Mid-century prints of working life at Fair
A collection of evocative prints that show working life in the UK during the 1950s, which have not been seen for half a century, will be shown at the Works on Part Fair in London this February.
The lithographs by Richard Platt have been stored at his home for 50 years.
Platt, born in 1928, was a skilled artist and printmaker who studied at the Royal College of Art in the early 1950s. “He produced some wonderful lithographs of people at work or leisure,” explained art dealer Emma Mason who will be exhibiting the prints at the fair. “They are so much of their time; images of Mending Nets, Boiling Lobsters, Blowing Bubbles, Pearly Kings & Queens and The George & Vulture Chop House”.
Following change in his working life in the early 1960s, when he decided to concentrate on music, he stopped making prints or showing his work and the prints lay undisturbed at his home in Falmouth for many decades. It was a few years after his death that his widow, in 2017, decided to bring the lithographs out of their slumber and show them.

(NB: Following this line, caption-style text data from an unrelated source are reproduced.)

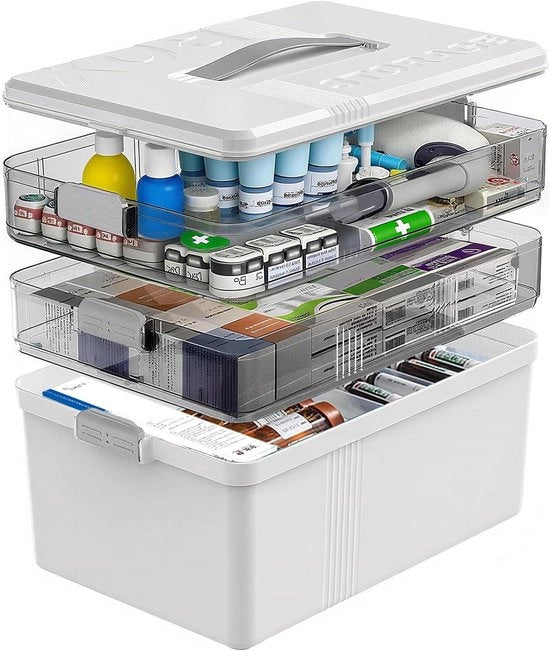 Medicinale Organizzatore Grande per Uso Domestico con Piatto Rimovibile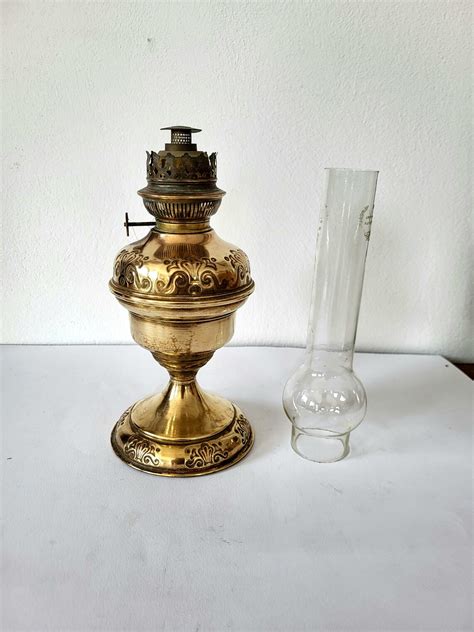 Vintage Brass Kerosene Lamp Antique Brass Kerosene Etsy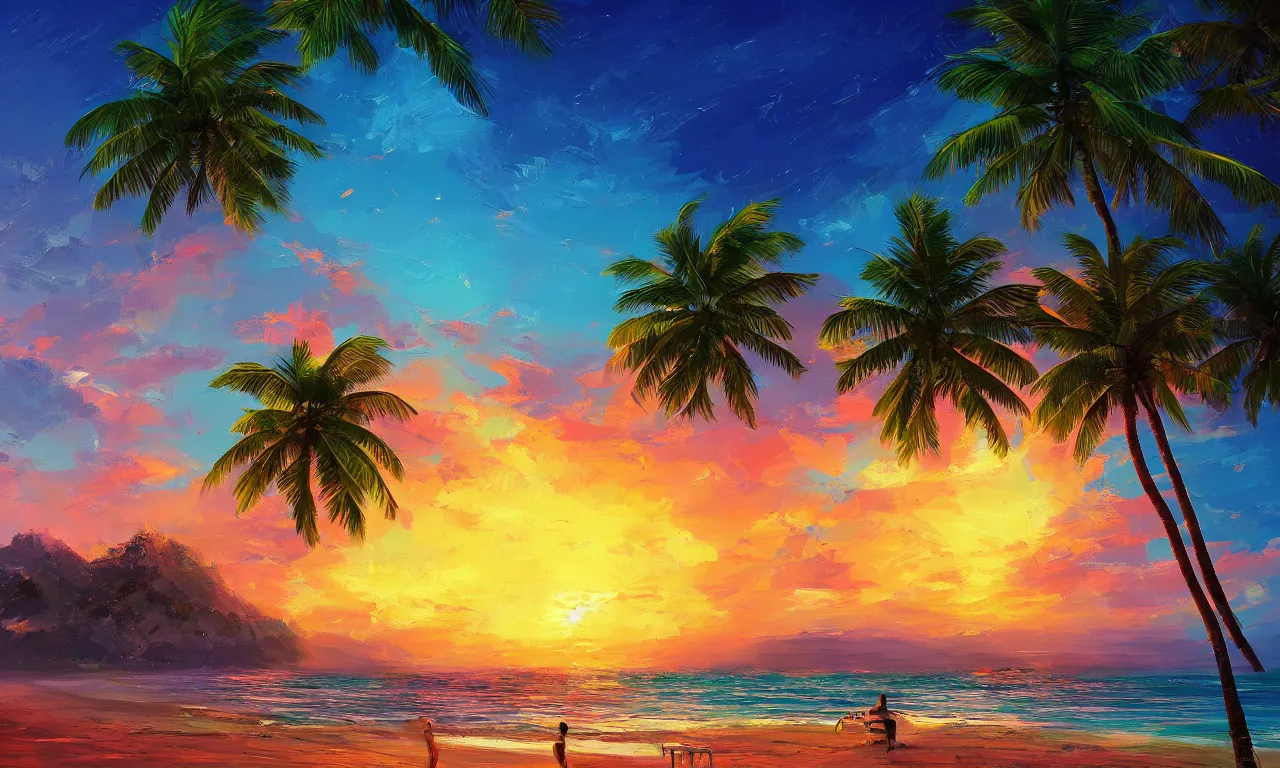 Image similar to paradise beach by alena aenami artworks in 4 k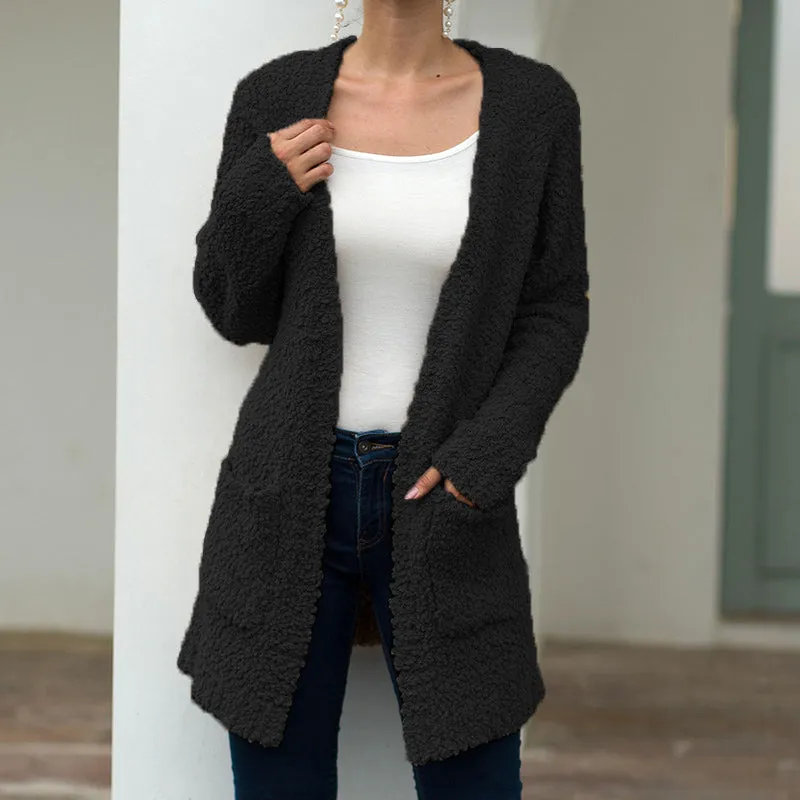 Long Solid Color Sweater Cardigan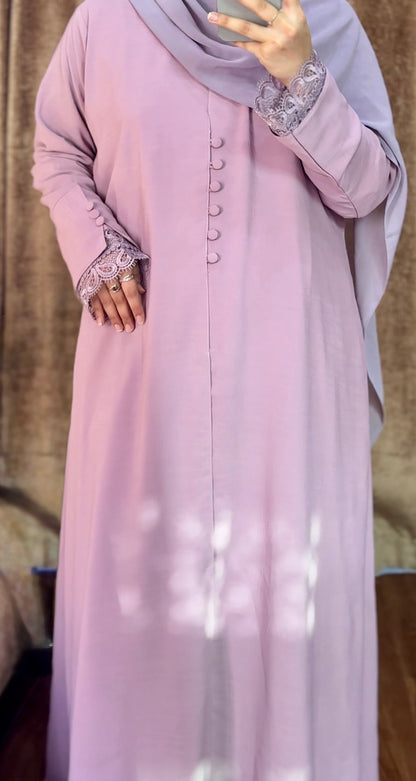 Arwa Luxe Coat Abaya- Lilac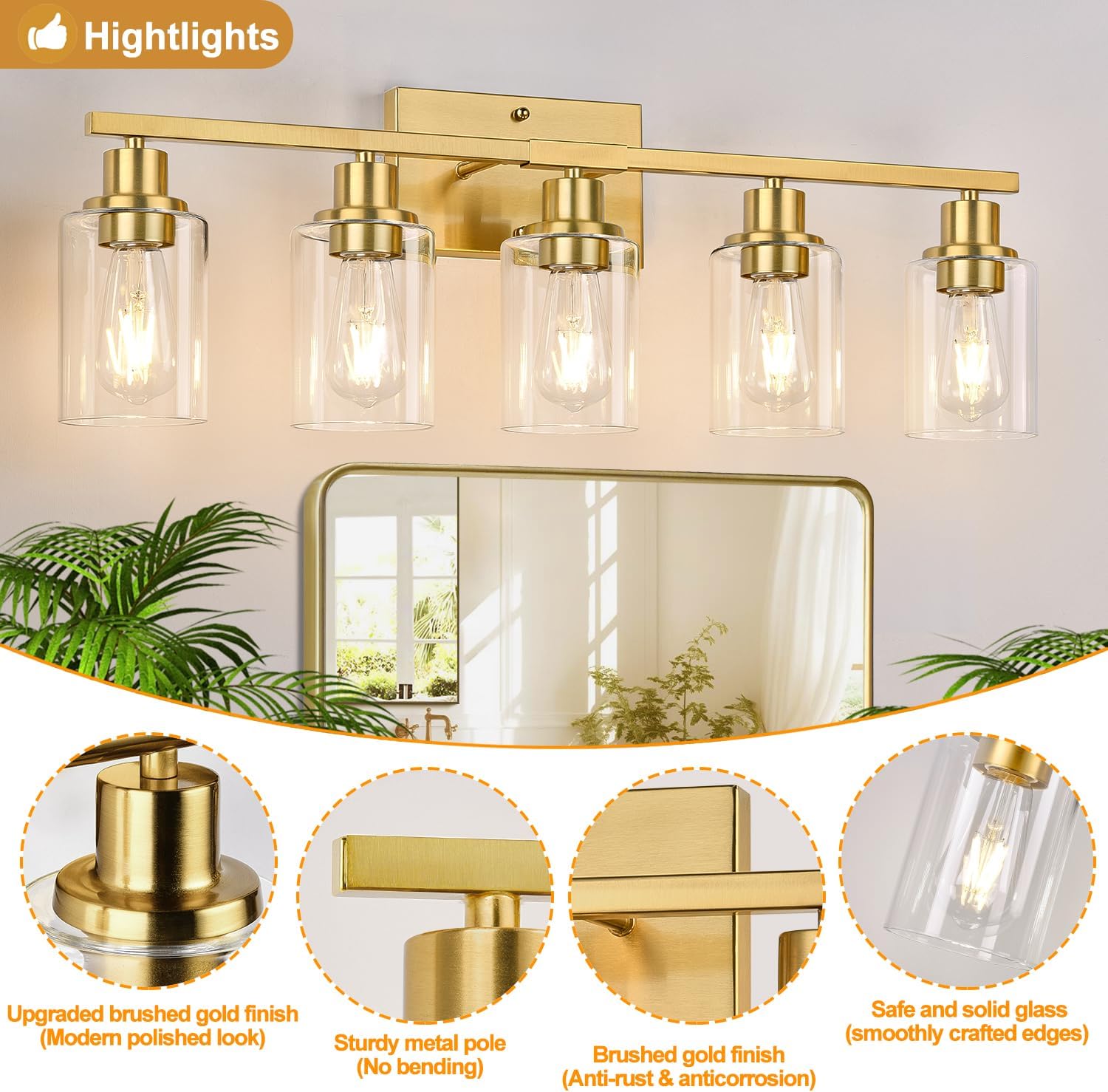 Indoi 5-Light Bathroom Vanity Light with Clear Glass Shades, Brushed Gold Bathroom Light Fixtures Over Mirror, Modern Vanity Light for Mirror Living Room Cabinet Bedroom Porch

These days it is increasingly rare to find such a collection of prints from this period of British art with images of social realism by a highly skilled, yet relatively undiscovered artist.
Emma said, “It is an exciting discovery and it is great to be able to show these prints and tell their story.”
The Works on Paper Fair takes place at the Royal Geographical Society, South Kensington, London from February 1 to 4.